Since I’ve used Hadoop for a while, I’m concentrating on the interesting points
from Google’s implementation.
“MapReduce exploits a restricted programming model to parallelize the user
program automatically and to provide transparent fault-tolerance”
I believe this is emblematic of a lot of Google worker. Restricting the API to
give greater guarantees.
- Intermediate keys and values must be the same type as the output keys and
values. This is not the case with the current Hadoop implementation.

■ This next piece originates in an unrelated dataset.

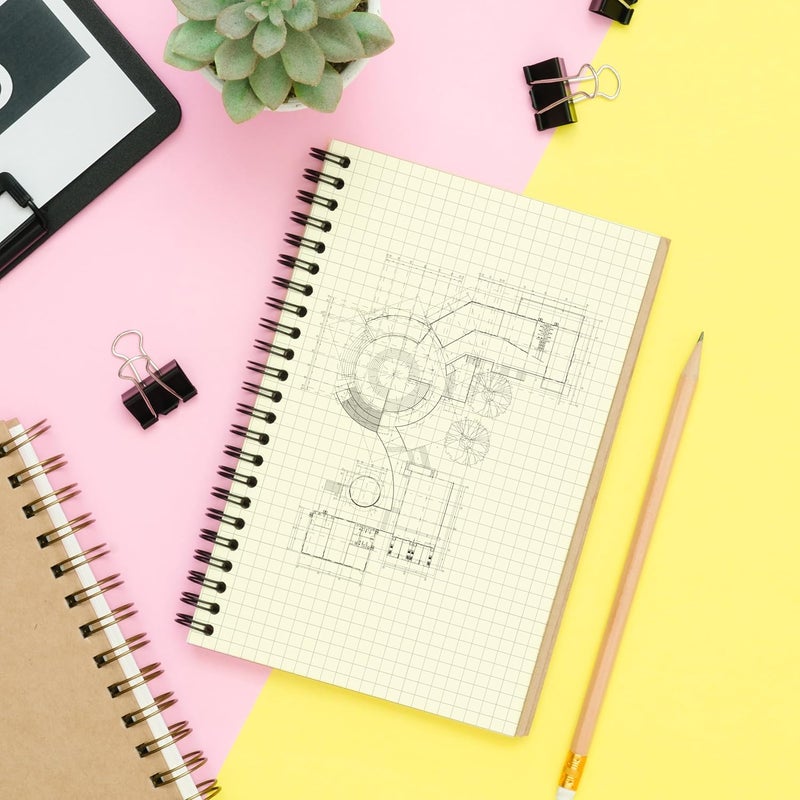 PAPERO Professional A5 Square Grid Notebook | 5MM Square Graph Design | 100 GSM A5 Size (21.0 x 14.5 cm) | Ideal for Architects & Designers | Kraft Cover | 100 Pages | (Plain Square) - Image 5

- The authors also mention that MapReduce could be applied to a shared memory
system or NUMA multi-processor system
- Notes on Execution
- Intermediate values are written to local disk periodically, partitioned
by key
- It sends these locations to the master
- Reducer learns about the locations from the master and reads the appropriate
partitions via RPC directly from the Mapper
- Once all of the data is received, the reducer sorts the data, possibly with
an external sort
- I wonder if some speculative partial reduction work could be done or some
sort of heap style sort that could start immediately
- However, it’s probably better use of the machine to have it running other
work instead
- Reducer output goes to GFS
- Once the reducer finishes, it atomically renames the output file
- Master does not currently checkpoint, the user must rerun the job
- The authors say it would be easy
- At the time, network bandwidth was scarce
- They had the cluster scheduler assign map tasks on the same machines that
held the data in GFS or very close to the same machine
- Now that Google has a better network fabric, I wonder how it changes things
- They have the ability to skip bad records
- When an error occurs (i.e. segfault), they have a handler that sends a quick
UDP packet to the master with the offset
- If the master receives this message from two workers, when it reschedules
the task, it will notify the worker to skip the record
- This is super cool!
- I didn’t know this existed, but
it does!
- Interestingly, the JavaDoc steals directly from the paper in the
description
- They recognize the benefit of having a local version where the user can debug
with GDB
- Counter values are piggybacked on the heartbeat response